En 2002, Cristian Mungiu réalisait son premier film,
Occident, sélectionné par la Quinzaine des réalisateurs : le conte de fées du cinéma roumain à Cannes commençait, signalant la naissance de la « nouvelle vague roumaine ». L'histoire s'est depuis répétée, du sobrement réaliste
The Death of M. Lazarescu (2005) au surprenant
Tales from the Golden Age (2009), en passant, bien sûr, par
4 Months, 3 Weeks and 2 Days, Palme d'Or en 2007. Il n'y a pas plus tard qu'un mois, le dernier Mungiu,
Beyond the Hills, recevait les prix d'interprétation féminine et du scénario à Cannes. Parallèlement, alors qu'il n'existait en Roumanie aucun festival de cinéma digne de ce nom, le TIFF, loin d'arriver comme un cheveu sur la soupe, répondait à une réelle nécessité. Il fallait ériger une fenêtre représentant les nouvelles cinergies du cinéma roumain qui, chaque année, en dirait long sur la production en cours. Aujourd'hui, des centaines de programmateurs et acheteurs internationaux se bousculent aux portes des « Romanian Days », intense section qui présente, durant les derniers jours du festival, les meilleurs longs et courts métrages roumains du moment. C'est une réussite.
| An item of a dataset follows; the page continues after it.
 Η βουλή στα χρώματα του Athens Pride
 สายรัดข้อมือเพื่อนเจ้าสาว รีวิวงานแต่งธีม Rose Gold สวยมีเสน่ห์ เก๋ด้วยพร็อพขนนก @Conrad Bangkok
Un accomplissement cependant parsemé de déceptions. Le refus de Cristian Mungiu de présenter son dernier film à Cluj a été très mal perçu par les organisateurs du festival, amers. Jusqu'à ce jour, bien que présentés à Cannes en mai, les films roumains trouvaient le mois suivant, en juin, une belle fenêtre dans la programmation hors compétition du TIFF. Mungiu a décidé de rompre cette tradition, ébranlant ainsi les efforts considérables menés par le festival pour le cinéma national. Selon Mihai Chirilov, dix ans après qu'un critique étranger dont on ne se souvient plus vraiment du nom ait identifié le phénomène de « nouvelle vague roumaine », la polémique Mungiu révèle justement un besoin de détachement. Les Cristi Puiu, Corneliu Porumboiu, Andrei Ujică et autres cinéastes fleurons du mouvement expriment un désir d'indépendance.
THE DEATH OF MR. NEW WAVE
Le magazine AperiTIFF, proposant une belle sélection de textes sur le cinéma roumain, titrait cette année : « The Death of Mr. New Wave ». Voilà qui fait grincer des dents. Pour déjouer l'appauvrissement paradoxal de la critique cinématographique en Roumanie, AperiTIFF est le document de référence. Cette initiative du TIFF et du Romanian Cultural Institute in New York, dirigé par Corina Şuteu, a depuis son lancement en 2010 fait ses adeptes. Le premier numéro disséquait avec éclectisme et passion la nouvelle vague à travers plusieurs entrevues et rétrospectives (à lire, entre autres, un superbe article de Mihai Chirilov sur les scènes de dîner dans les derniers films roumains). Aujourd'hui, la désaffectation progressive dont parle Chirilov mènerait à ce qu'il s'amuse à identifier comme « The Birth of Miss New Wave ».
Beyond the Hill en serait l'un des premiers exemples, par son sujet rare pour le cinéma roumain (le calvaire subi par une jeune femme dans un monastère orthodoxe) et son traitement se distinguant du réalisme glauque d'usage.
Nous passerons sur la politique de financement du cinéma roumain par les institutions, frisant la corruption, ou l'inquiétante position de la distribution des films sur le territoire national (le cinéma roumain a plus d'adeptes à l'étranger qu'en Roumanie). Sérieux, attentif, réactif et souvent délicieusement fanatique, le festival de Cluj répond à l'appel et, quoiqu'il arrive, cherche à révéler les tendances sous un même chapiteau de diversité. Pour toutes ces raisons, 2012 est justement l'année à ne pas manquer.
Pendant une semaine, Panorama-cinéma était sur place, participant au jury des « Romanian Days » (composé de Michel Ciment, de la revue Positif, Vincenzo Rossini, directeur artistique du Milano International Film Festival, et Guilhem Caillard). L'occasion idéale de faire le point sur ce vent de fraîcheur, et faire connaître le TIFF, ce festival décidément pas comme les autres.